Description of the task.
Would you give back exactly the lines from the line with "Bisexual Pride Flag - Raised Fist" through the end of the entries below, both included, but none of the pictures?

━━━━━ Information supplied

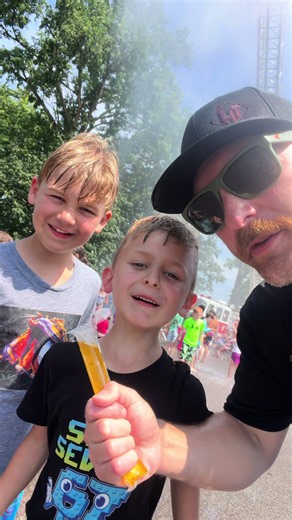 Hi, I’m Nick and I’m the mayor of a small town in Michigan. Today was a good day. Welcome to the party. #splashpad #fireman #puremichigan #parksandrec #popsicles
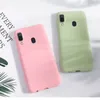 Caso de telefone protetor de silicone líquido para Samsung Galaxy A10 A20 A30 A50 A50 A70 A80 A90 M10 M30 M30 Soft TPU Tampa traseira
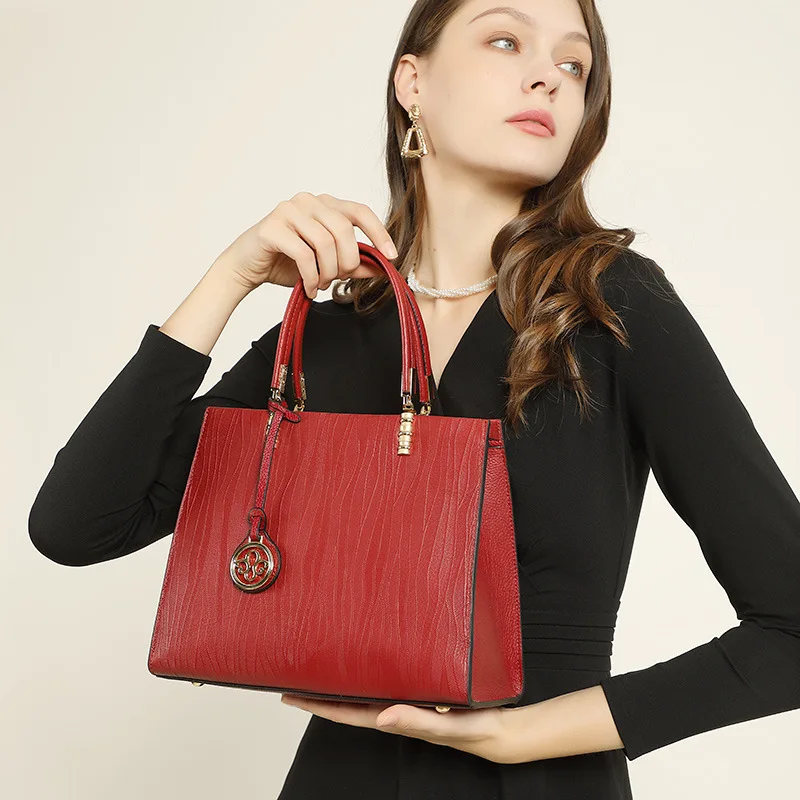 Echt leder Mutter Taschen für Frauen neue Luxus Handtasche vielseitige Frauen Umhängetasche Handtaschen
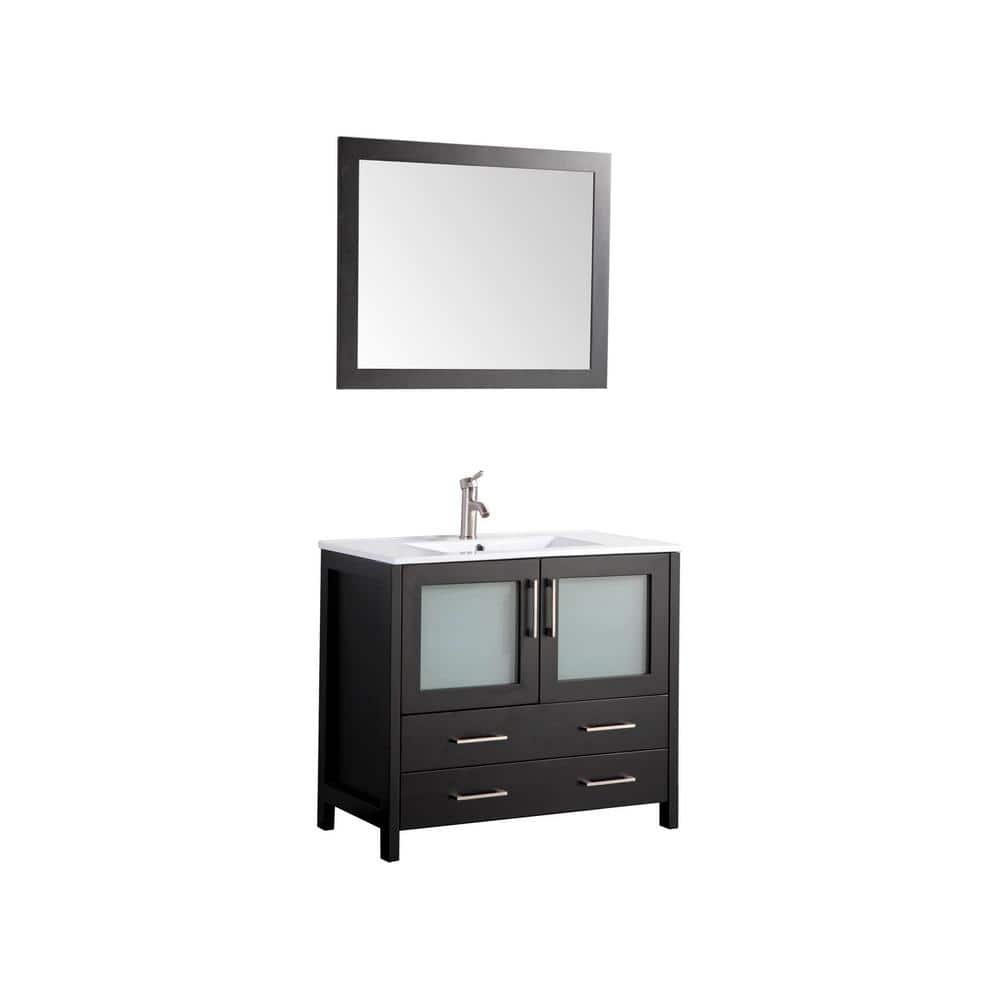 Vanity Art 36 in. W x 18 in. D x 36 in. H Bathroom Vanity in Espresso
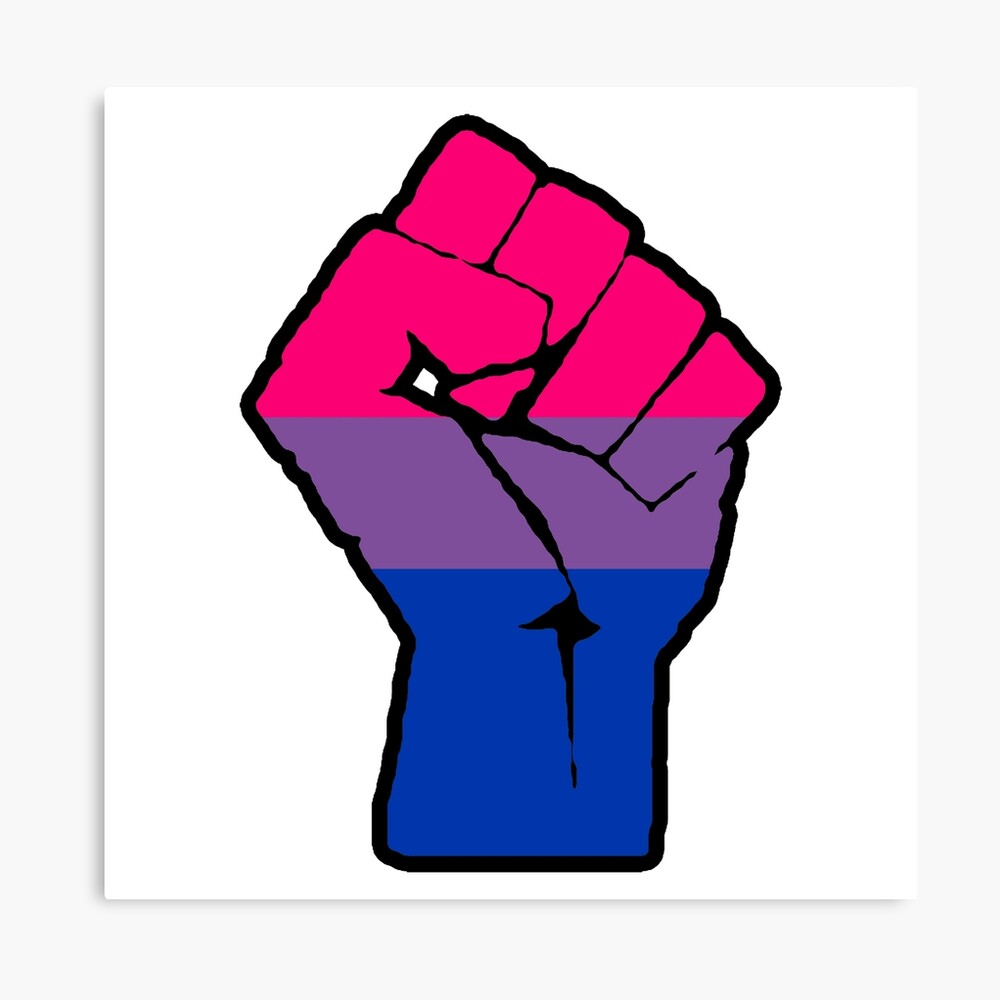 Bisexual Pride Flag - Raised Fist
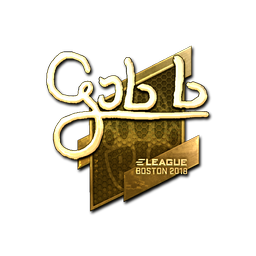 Sticker | gob b (Gold) | Boston 2018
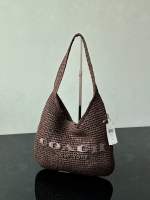 shoulder bags woman korean style Womens New Straw Shoulder Bag CAL97 Size: 30 × 6 × 27cm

━━━━━━━━━━

Solution to the exercise.
 Bisexual Pride Flag - Raised Fist
 Sticker | gob b (Gold) | Boston 2018
 shoulder bags woman korean style Womens New Straw Shoulder Bag CAL97 Size: 30 × 6 × 27cm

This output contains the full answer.